Kılıçdaroğlu, Hollanda'daki bir resim sergisinden örnek vererek, sözlerini şöyle tamamladı:

"Akıl, akıldan üstündür. Benim göremediğimi bir başka arkadaşım görebilir. Benim fark etmediğimi bir başka arkadaşım fark edebilir. Benim bilmediğimi bir başka arkadaşım bilebilir. Anayasa referandum değişikliğini çocuklarımızın geleceği için, torunlarımızın geleceği için, oturup düşünmeliyiz. Kararımızı ona göre vermeliyiz. Bunun partilerle şununla bununla ilgisi yok. 'Efendim, ben vatanseverim, diğerleri değil.' Öyle bir şey yok. Bu ülkenin 80 milyonu da vatanseverdir. Demokratik bir ortamda yaşamalıyız. Ben de düşüncemi söylemeliyim. Benim gibi düşünmeyen de düşüncesini söyleyebilmeli. Bir araya gelmeliyiz. Medeni insanlar gibi konuşmalıyız. Bunu yapmak zorundayız. Bunu yaparsak emin olun çocuklarımıza güzel bir Türkiye bırakmış oluruz. Tercih milletin tercihi, hangisini tercih ederseniz?
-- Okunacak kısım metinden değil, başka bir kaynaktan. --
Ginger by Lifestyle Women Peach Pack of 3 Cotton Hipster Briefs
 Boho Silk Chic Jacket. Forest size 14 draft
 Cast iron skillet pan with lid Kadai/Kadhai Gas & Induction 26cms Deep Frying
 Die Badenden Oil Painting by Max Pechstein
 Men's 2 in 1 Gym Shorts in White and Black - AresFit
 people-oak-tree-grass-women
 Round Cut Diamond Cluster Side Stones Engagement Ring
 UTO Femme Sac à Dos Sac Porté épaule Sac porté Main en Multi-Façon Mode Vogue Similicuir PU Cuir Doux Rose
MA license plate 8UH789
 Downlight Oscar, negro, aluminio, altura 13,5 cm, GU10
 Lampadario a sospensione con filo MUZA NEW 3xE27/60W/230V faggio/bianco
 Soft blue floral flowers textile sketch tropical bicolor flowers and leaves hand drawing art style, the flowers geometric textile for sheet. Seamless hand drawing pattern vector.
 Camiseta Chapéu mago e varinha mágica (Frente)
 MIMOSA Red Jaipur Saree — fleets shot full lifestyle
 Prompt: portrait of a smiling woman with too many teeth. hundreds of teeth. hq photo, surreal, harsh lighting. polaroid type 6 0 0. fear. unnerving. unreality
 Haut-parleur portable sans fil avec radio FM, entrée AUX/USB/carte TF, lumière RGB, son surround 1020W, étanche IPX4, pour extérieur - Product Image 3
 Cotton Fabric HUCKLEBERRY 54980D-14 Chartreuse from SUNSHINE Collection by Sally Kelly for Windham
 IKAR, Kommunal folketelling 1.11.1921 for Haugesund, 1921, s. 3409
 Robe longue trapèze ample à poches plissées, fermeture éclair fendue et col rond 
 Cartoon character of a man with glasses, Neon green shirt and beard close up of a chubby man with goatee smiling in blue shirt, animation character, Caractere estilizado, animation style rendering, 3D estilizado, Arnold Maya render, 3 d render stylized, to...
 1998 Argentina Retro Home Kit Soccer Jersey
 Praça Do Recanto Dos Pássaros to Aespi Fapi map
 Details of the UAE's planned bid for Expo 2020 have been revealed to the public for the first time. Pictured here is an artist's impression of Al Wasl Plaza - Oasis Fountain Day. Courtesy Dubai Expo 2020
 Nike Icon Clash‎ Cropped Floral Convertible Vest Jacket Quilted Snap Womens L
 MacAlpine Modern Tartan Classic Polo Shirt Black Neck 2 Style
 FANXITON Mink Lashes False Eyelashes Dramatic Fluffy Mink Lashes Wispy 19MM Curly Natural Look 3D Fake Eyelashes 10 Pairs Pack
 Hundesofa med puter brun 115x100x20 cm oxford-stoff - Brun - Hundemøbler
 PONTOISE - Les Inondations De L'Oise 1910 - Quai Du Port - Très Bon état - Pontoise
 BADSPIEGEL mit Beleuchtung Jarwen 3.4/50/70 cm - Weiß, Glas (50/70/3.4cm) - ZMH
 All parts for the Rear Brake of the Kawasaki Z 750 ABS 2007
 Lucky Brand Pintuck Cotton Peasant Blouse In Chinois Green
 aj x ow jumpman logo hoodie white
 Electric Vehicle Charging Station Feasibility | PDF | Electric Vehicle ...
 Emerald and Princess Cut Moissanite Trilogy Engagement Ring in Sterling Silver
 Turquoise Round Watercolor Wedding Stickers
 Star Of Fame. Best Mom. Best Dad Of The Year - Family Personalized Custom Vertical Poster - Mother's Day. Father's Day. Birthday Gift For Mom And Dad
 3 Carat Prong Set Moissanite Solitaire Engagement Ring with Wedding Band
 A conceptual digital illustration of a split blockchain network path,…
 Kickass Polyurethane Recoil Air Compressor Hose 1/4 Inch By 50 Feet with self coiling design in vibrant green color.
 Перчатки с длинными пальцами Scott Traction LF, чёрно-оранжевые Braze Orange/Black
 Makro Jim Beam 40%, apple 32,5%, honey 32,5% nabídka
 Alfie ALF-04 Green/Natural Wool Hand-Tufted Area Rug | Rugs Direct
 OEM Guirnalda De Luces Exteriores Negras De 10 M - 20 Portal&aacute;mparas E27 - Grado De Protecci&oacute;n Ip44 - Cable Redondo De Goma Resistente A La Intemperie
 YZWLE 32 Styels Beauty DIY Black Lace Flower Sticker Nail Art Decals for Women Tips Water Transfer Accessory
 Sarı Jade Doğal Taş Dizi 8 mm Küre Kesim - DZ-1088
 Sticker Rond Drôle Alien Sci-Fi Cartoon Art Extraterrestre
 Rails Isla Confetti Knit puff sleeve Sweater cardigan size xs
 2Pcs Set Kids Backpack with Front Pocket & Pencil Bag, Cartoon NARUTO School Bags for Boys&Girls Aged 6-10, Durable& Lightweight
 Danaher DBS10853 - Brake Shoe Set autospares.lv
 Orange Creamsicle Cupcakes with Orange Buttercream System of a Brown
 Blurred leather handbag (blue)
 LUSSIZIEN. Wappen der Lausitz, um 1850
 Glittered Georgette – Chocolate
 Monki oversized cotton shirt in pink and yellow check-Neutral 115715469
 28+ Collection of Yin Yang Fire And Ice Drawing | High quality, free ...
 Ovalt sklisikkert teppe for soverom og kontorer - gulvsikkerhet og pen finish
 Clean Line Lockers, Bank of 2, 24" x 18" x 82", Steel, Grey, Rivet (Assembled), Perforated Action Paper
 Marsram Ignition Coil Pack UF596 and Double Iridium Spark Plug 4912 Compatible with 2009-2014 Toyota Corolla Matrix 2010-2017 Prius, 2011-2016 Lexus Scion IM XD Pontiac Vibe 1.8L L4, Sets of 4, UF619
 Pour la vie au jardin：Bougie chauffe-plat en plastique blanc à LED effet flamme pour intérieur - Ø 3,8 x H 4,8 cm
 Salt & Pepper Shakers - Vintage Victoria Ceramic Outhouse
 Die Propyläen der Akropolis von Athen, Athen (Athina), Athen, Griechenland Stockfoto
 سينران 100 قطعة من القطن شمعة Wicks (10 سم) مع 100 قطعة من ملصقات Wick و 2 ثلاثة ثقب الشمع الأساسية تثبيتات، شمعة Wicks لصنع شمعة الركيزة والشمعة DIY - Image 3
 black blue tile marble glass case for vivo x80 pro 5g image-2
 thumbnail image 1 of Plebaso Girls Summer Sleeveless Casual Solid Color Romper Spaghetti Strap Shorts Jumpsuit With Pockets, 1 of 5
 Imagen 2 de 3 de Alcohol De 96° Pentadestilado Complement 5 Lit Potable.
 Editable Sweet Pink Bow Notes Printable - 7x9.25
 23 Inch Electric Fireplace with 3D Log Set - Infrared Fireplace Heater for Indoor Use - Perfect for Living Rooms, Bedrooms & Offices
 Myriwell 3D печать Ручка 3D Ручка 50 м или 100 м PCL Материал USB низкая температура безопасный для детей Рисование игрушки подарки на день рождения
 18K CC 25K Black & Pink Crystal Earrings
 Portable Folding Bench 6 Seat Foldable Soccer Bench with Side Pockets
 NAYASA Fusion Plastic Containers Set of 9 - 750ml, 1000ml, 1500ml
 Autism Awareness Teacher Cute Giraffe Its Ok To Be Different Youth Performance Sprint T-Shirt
Bana sorarsanız, 'Evet'in vebali ağırdır. Neden ağırdır? 1982 anayasası oylanırken İstanbul'da Fikirtepe'de bir okulda oy kullandım ve o anayasaya ben 'Hayır' oyu verdim. Bugün çocuklarıma ve torunlarıma o anayasaya 'Hayır' oyu verdiğim için bunu da anlatıyorum. O anayasa Türkiye'yi bu hale getirdi. Şimdi Türkiye'yi daha da geriye doğru götüren bir referandumun önündeyiz. Hepimizin düşünmesi lazım."